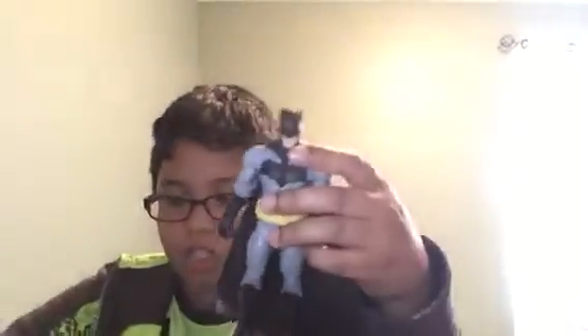Here's Batman and his grappling hook. I bet all of you know Batman — he has a grappling hook.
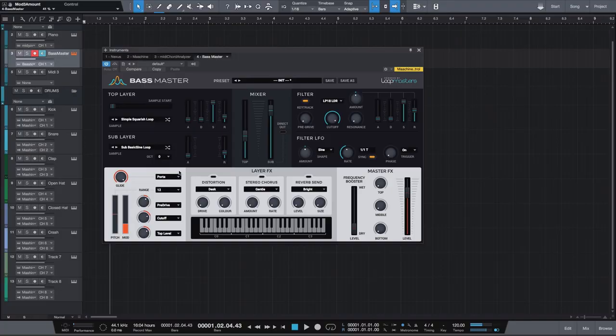Moving on to the next section, we have the layer effects. You're going to get three main ones: distortion, stereo chorus, and reverb. Under distortion, you'll get desk, drive, fuzz, crush, and dual. To turn it on, go ahead and hit that light at the top, and make sure that direct out is turned off. [distortion desk demo] Let's go over to drive. [demo] And crush and dual. [demo]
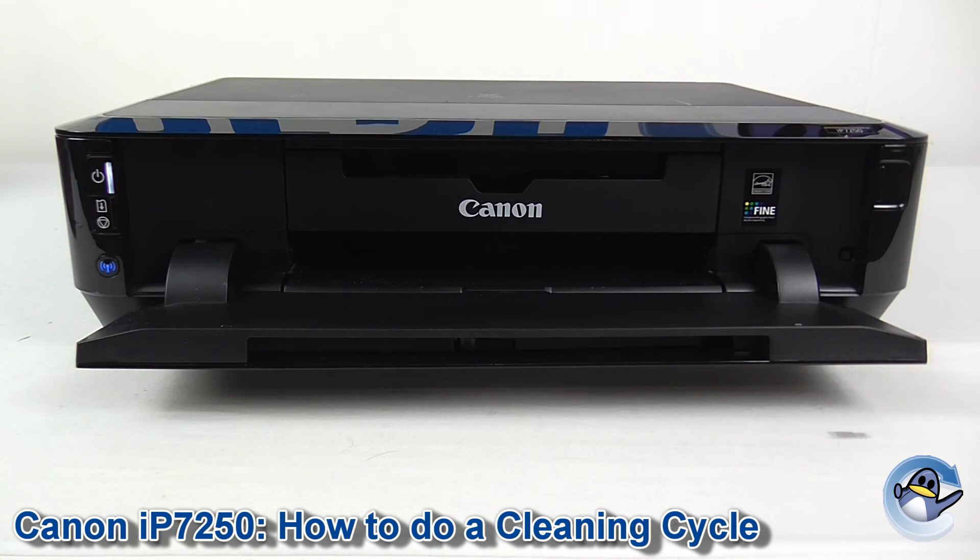Now when the clean is complete you might want to do a nozzle check, which acts as a test page and breaks down all of the colours provided by your printer. From here you'll have a good idea as to whether the clean has been effective or whether more cleans are needed.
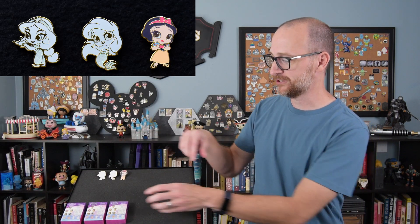So two white chase versions — hey, this is good! Alright, so for pin three — it is not white. It is Snow White. I guess it's part white in the naming. So we have Snow White and she has the apple in her hands. She is the color version.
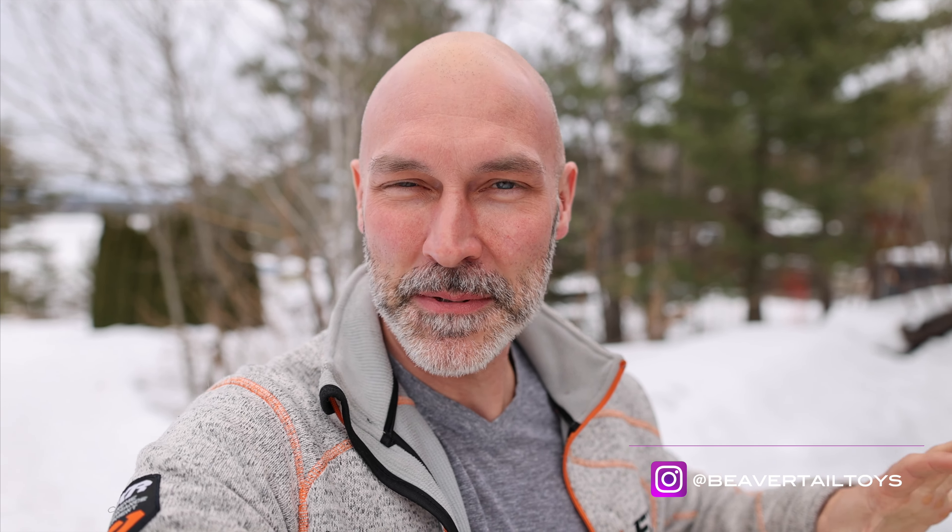Well, enough with the bad news — there is some good news. The FedEx man was just here, and he dropped a little package off from M7 Designs Company. It's some new skin for the raid.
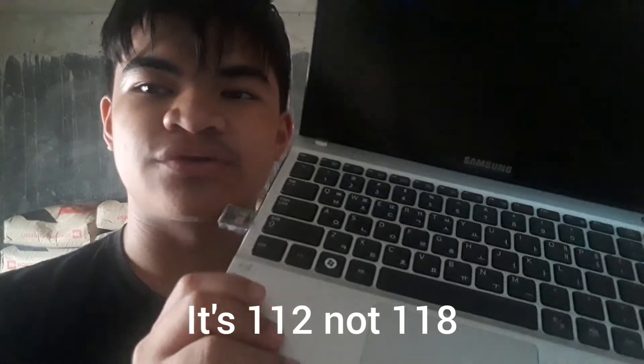Is it the police phone number in North Korea? Or maybe it's Kim Jong-un's phone number. Let's find out.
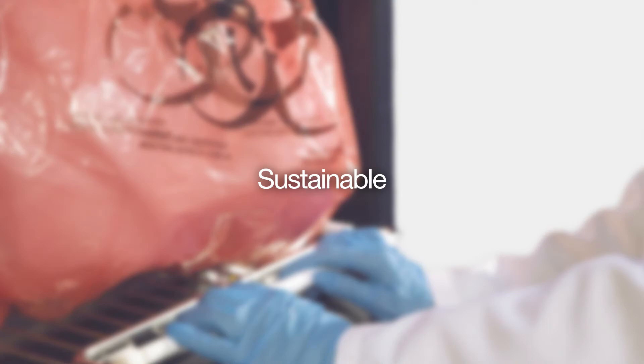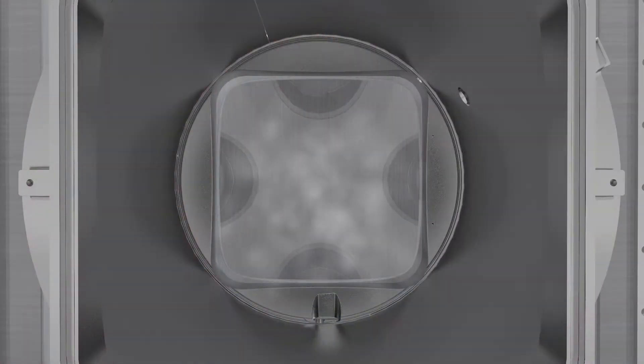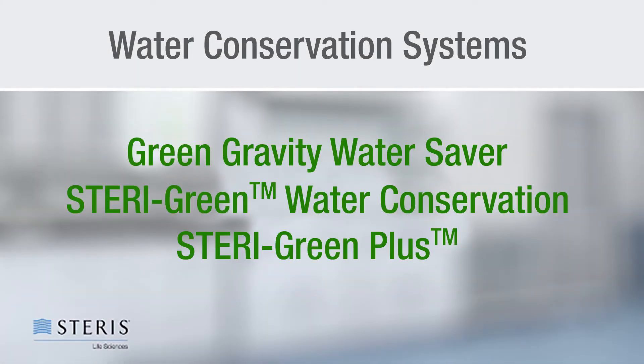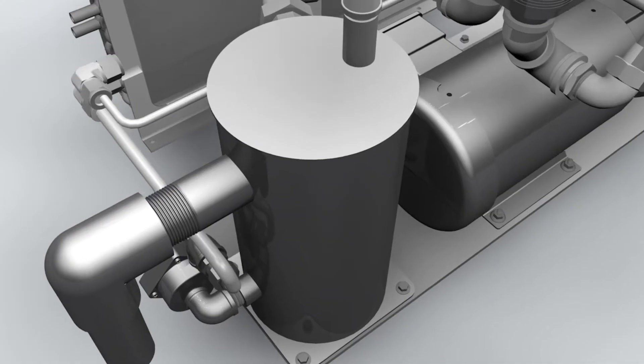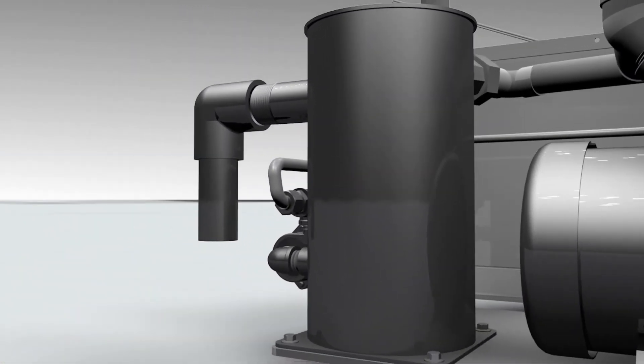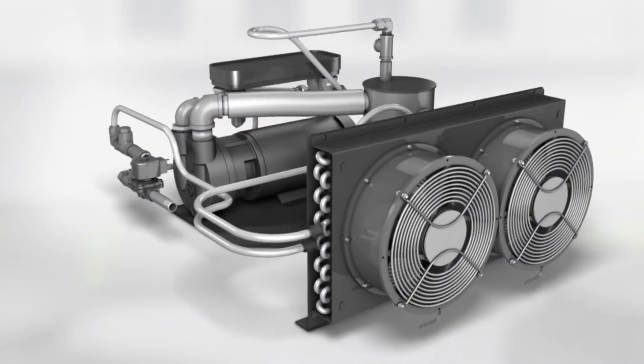Knowing the importance of being a sustainable lab, the AMSCO small LS series can be configured with one of three water conservation systems and is equipped with other energy saving features as well. The Green Gravity Water Saver is a great choice to save water used to cool steam effluent generated in gravity and liquid cycles.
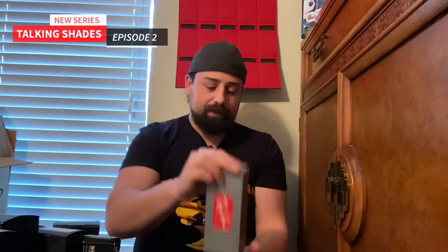Let me open up this and show you what's in here. I also have the new Wayfarers with the blue mirrored lens, which are also sick. When I first saw Wayfarers, I didn't think that they would be the right frame for me, but I really liked the way that they fit me.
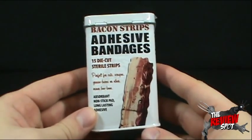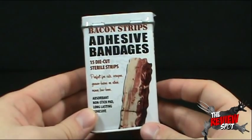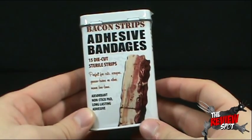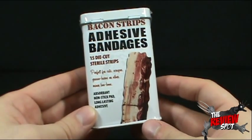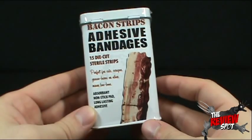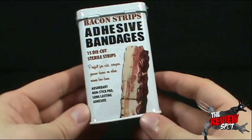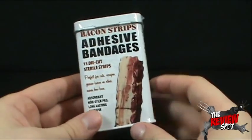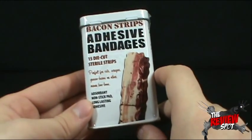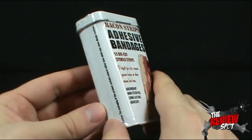This channel seems to be getting notorious for bacon-related items. I didn't plan it — somehow it just ended up working out that way. We're looking today at the Bacon Strip Adhesive Bandages. You get 15 die-cut sterile strips — perfect for cuts, scrapes, grease burns, because you might get grease burns when you handle bacon. I've been there. Or other minor boo-boos. Absorbent, non-stick pad, long-lasting adhesive. Even my cats are excited — you can hear them in the background saying, 'Bacon Strip Adhesive Bandages, we're totally there.'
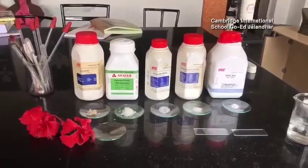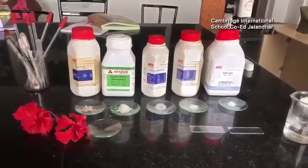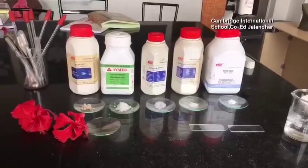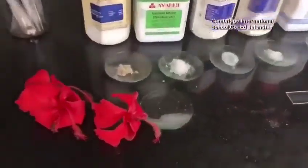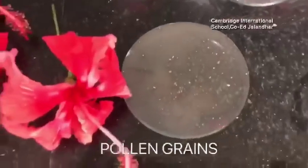Hello students, today we will be performing the germination of pollen grains on the slide. For this experiment, we are taking the pollen grains from the flower that is hibiscus.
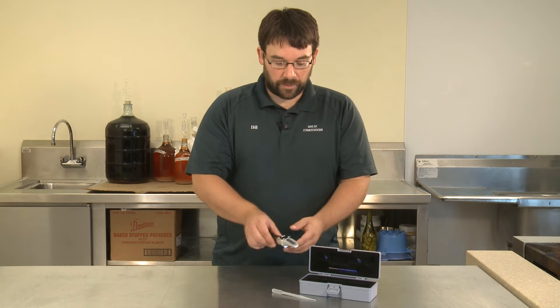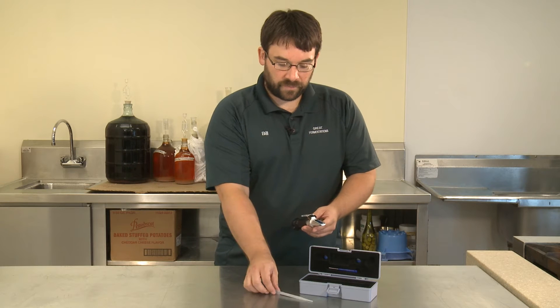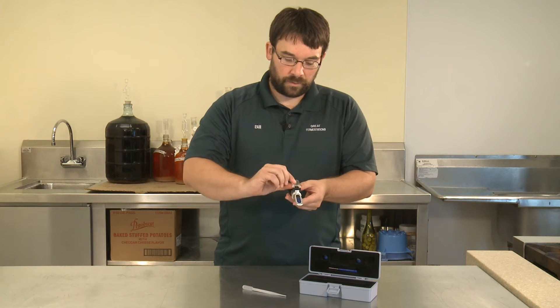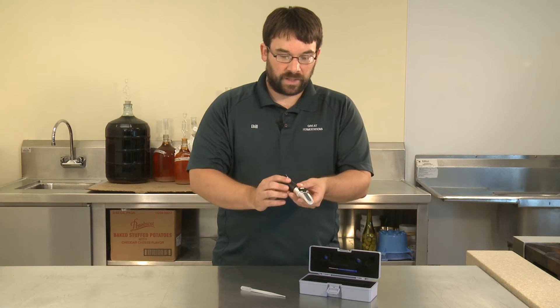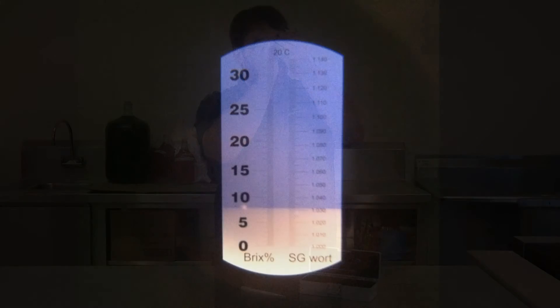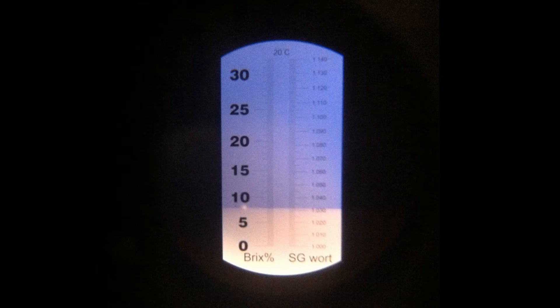Now in order to use a refractometer, you would take your pipette, drop a little bit of liquid onto the window, close the protector, and look through the refractometer toward a light source. You'll see a dividing line between the blue area and the white area indicating your sugar level.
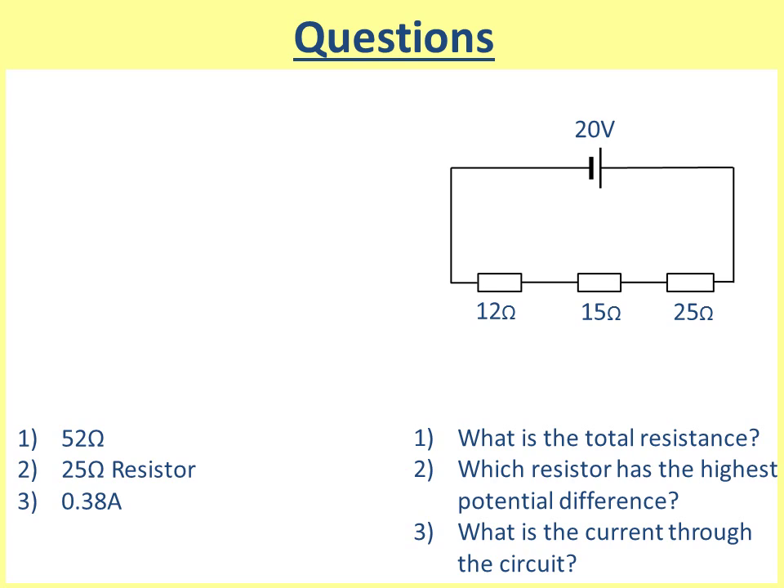The last question is really tricky — you've got to use Ohm's law, which is V = IR, which you can see in another video. The current through the circuit is 0.38 amps.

Assignment: The answer must be the part of the records that opens with the line containing "Is it the police" and closes with the line containing "Knowing the importance", reproduced exactly, with no pictures.

Completed exercise:
Is it the police phone number in North Korea? Or maybe it's Kim Jong-un's phone number. Let's find out.
Knowing the importance of being a sustainable lab, the AMSCO small LS series can be configured with one of three water conservation systems and is equipped with other energy saving features as well. The Green Gravity Water Saver is a great choice to save water used to cool steam effluent generated in gravity and liquid cycles.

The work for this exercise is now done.